I mean look... they go to a pumpkin patch and find a dead body!
This is romance awareness month and I think we need to be aware that romance isn't the same for everyone. And there shouldn't be any shame in that. Everyone should be allowed to define romance in their own way.
Flowers make you sneeze and depress you as they die? That's fine you shouldn't feel like you need to get them to mark a special day.
What we need to remember that is key in romance is respect. We need to remember many abusers are super romantic in the eyes of others (I've seen this first hand) but behind closed doors they are controlling, demeaning, and violent.

While I’m not saying you shouldn’t love flowers or candle lit dinners, I’m just asking that we remember romance is a personal thing. And as romance writers/readers we can help those who don’t want the flowers or candle lit dinner feel okay about swooning over a mopped floor.

Also as romance writers, we know better than most that romance isn’t easy to achieve. I mean I’ve written as close as I get to romance with a dino battle raging in front of me…


Having a 200 lb dog bark at me as he tries to climb on the table because he thinks he needs to go on a walk - for the 6th time.


I’d love to know what is your idea of romance???

Have a great month!

4 comments:

Deb N said...

So true, Lyncee - an interesting perspective. And probably why each of us is drawn to different types of books and romance authors who speak to us as an individual. P.S. I do love dried flowers - so I cut the dried stalks in the fall from my garden and arrange them or dry my maple leaves.

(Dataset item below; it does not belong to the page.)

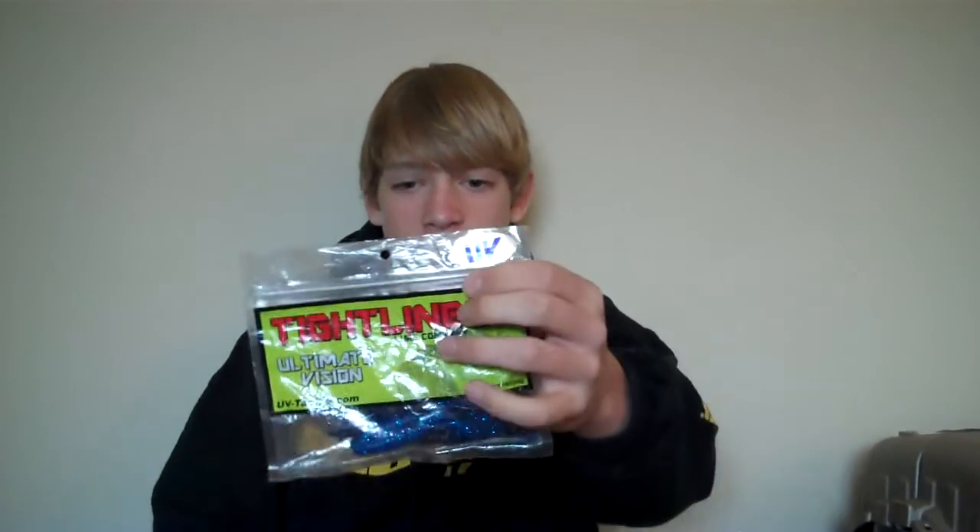Next I have a UV Tight Lines Beaver in the blue black color, 4 inch. I like fishing this in grass mats and around heavy cover.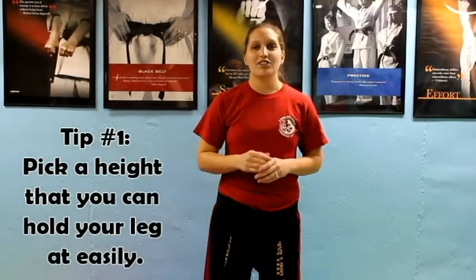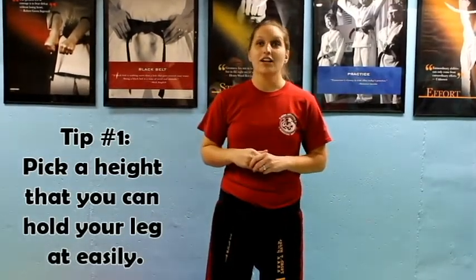Tip number 1 is to pick a height that you can hold your leg at easily. Personally, I can't hold my leg at head level for a long time, so I pick more of chest level or stomach level to do multiple kicks at.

We each have a way to express love and romance and each have things that are dear to us for different reasons. Our uniqueness (and our style of writing and reading choices) is what makes the world go round.

Judith Ashley said...

Romance is a very personal thing. While I do love flowers, I used to prefer potted plants but then I had to take care of them because I didn't want them to die. Now I'll get a bouquet of flowers from time to time. I would swoon over a mopped floor and even more so over the house being dusted top to bottom!

Both my characters and I appreciate someone who pays attention to our likes, who respects that we have our own perspective of romance and works to match it while my characters and I reciprocate.

So Milo is now 200 lbs!? I lost track when I stopped being on Facebook for several months. Such a puppy!!!

Lynn Lovegreen said...

Great post, Lyncee. Romance is in the eye of the beholder, and as long as it involves respect for the other person, I agree it can be as simple as your partner mopping the floor. My husband always washes my car before I notice it's dirty--that's romance, too. ;-)

Maggie Lynch said...

Great post, Lyncee. I agree 100% that romance comes of relationship building. The best and most long lasting are those who are able to come as they are AND express what they need/want and be heard.

I do write some typical "sweet romantic, misty eyed" scenes of romance because they reflect the emotional connection between the characters. I've never done the box of chocolates or someone making a candlelit dinner. I don't think I've done the bringing flowers scene either, but I can't swear to that.

My big romantic moments are usually in the everyday things. In one book it is two people planting food crops in pouring rain because they have to get the seeds in the ground to have any possibility of having food in the fall. It doesn't seem romantic. It's muddy and drudgery. But just having someone willing to help with this is such a show of compassion and character that it turns the tide toward romance.

In another, a person who is a songwriter and singer has given up on the man she loved. At the climax of the story she sings an original song--one she had written at the height of their relationship when she believed they would be married. The band wants her to sing it because it is a song so many customers would relate to--a song that talks of hope. IT is hard for her, she can't stop the tears escaping for all that was lost because of her and his inability to reach out, say what they want, and embrace the differences in each other. I won't give away how it all resolves, but it is in my mind, the most romantic and hear-rending scene in the book.